Pilihan terbaik Pimpinan KPK yang baru harus berani melakukan penelusuran terhadap asset sebagaimana terdapat di Laporan Harta Kekayaan Penyelenggara Negara (LHKPN).
“LHKPN harus dibuka kepada publik dan ditelusuri sumber LHKPN-nya,” ujar Sandi.
Selama ini, dia mengingatkan, LHKPN hanya ditampung di database KPK. Kalau begitu, tidak ada artinya para pejabat melaporkan LHKPN, jikalau Pimpinan KPK tidak melakukan penelitian atas laporan itu.
“Termasuk harusnya melakukan follow the money di LHKPN tersebut,” ucapnya.
Memang, kata dia, masukan Kelompok Masyarakat Sipil, seperti para Pegiat Anti Korupsi bukan segalanya bagi Pansel KPK. Namun, adanya isu kelompok, harus dapat diselesaikan oleh Pimpinan KPK yang baru.
“Pimpinan KPK sekarang ini kurang berdaya menyelesaikan issu perpecahan di internal KPK. Sehingga dibutuhkan orang dari eksternal yang memiliki jiwa kesatria,” ujar Sandi.
Perlu juga menjadi perhatian Pansel KPK, maraknya pejabat dan pegawai dari Internal KPK yang mengikuti proses seleksi. Mereka ini, kata Sandi, adalah bagian dari persoalan yang terjadi di internal KPK.
Orang-orang internal KPK seperti Deputi sampai Wadah Pegawai KPK yang mencalonkan diri sebagai Pimpinan KPK, ditenggarai tidak menyelesaikan permasalahan internal.
“Karena bagian dari konflik. Sebaiknya Pimpinan KPK ke depan orang baru dengan jiwa Panglima Perang Pemberantasan Korupsi,” tutup Sandi Ebenezer Situngkir.
Pansel Capim KPK gelagapan menanggapi kritik yang dilancarkan Indonesia Corruption Watch (ICW).
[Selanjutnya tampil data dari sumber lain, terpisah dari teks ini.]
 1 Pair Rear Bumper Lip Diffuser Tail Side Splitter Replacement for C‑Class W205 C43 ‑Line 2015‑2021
ICW mengatakan, 40 nama yang lolos tahap seleksi, tidak memuaskan publik.
Atas kritik itu, Anggota Pansel Capim KPK, Hendardi mengatakan, kerja Pansel bukanlah untuk memuaskan ICW.
“Pansel memang bukan alat pemuas bagi ICW kok. Pansel mempertanggungjawabkan kinerja kepada Presiden, bukan kepada ICW, atau koalisi masyarakat,” tutur Hendardi.
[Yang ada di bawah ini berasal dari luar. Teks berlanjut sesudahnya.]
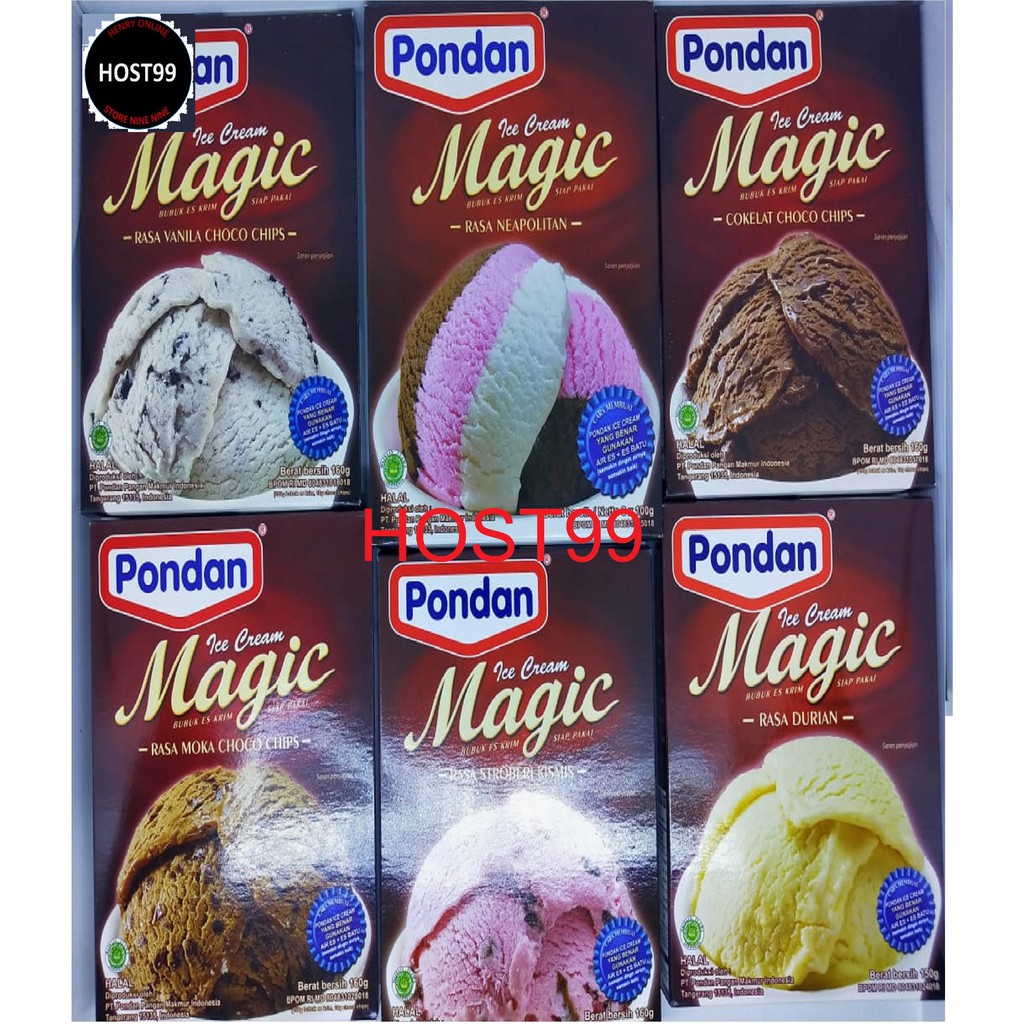 

PROMO BUBUK ES KRIM SIAP PAKAI INSTANT ICE CREAM MAGIC HALAL PONDAN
Hendardi balik mempertanyakan ICW yang kerap mengatasnamakan publik dalam setiap kritiknya terhadap kinerja Pansel Capim KPK. Sebab, bagi Hendardi, mengatasnamakan publik itu tidak boleh seenaknya.
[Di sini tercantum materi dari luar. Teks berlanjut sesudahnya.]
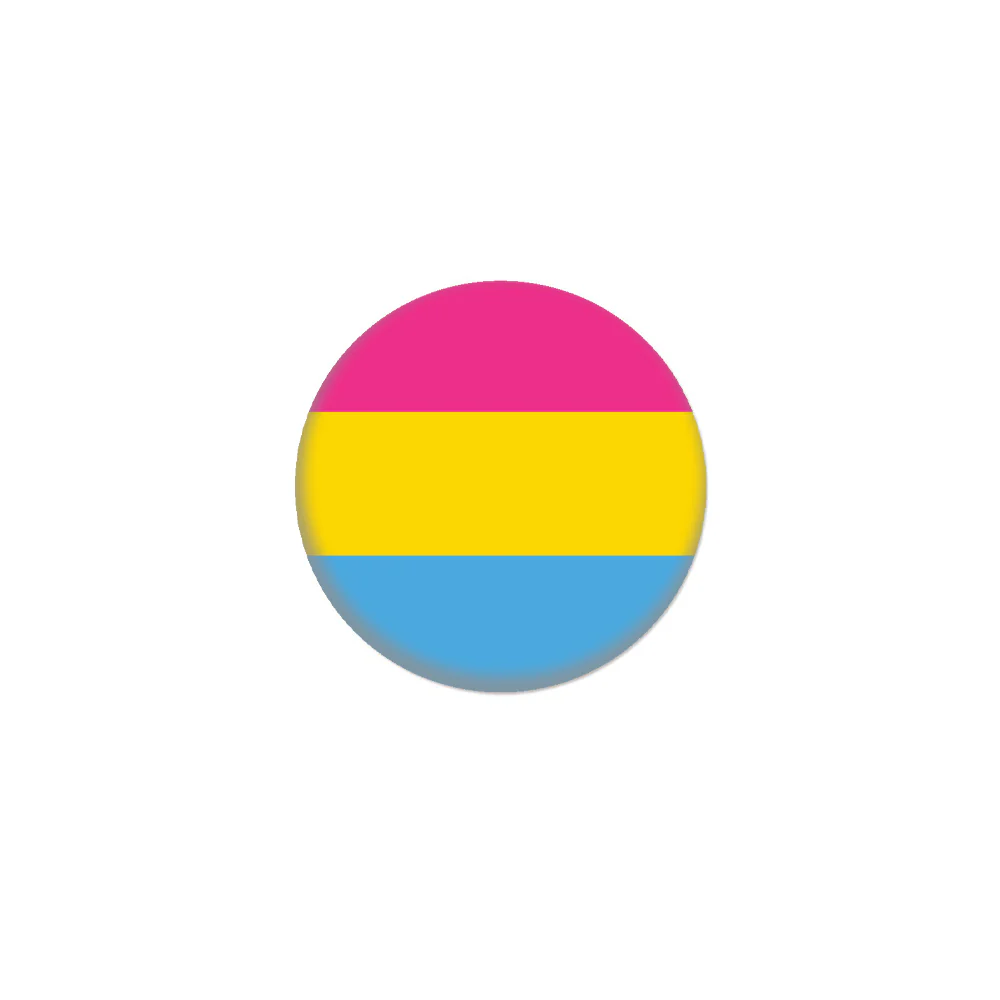 Pansexual Pride Flag 1" Button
“Mereka menyatakan publik tidak puas dengan 40 pilihan pansel melalui tes psikologi yang baru diumumkan. Mereka mengatasnamakan publik atas dasar riset atau survei atau mereka baru menang pemilu? Bisa serta merta dan enteng mengatasnamakan publik,” ujar Hendari.
Hendardi menilai sikap nyinyir yang ditunjukkan ICW kepada pansel seolah-olah ICW memiliki kepentingan pribadi atau vested interest.
Hendardi mengatakan sejak awal pansel mengundang ICW untuk mendaftar menjadi capim KPK.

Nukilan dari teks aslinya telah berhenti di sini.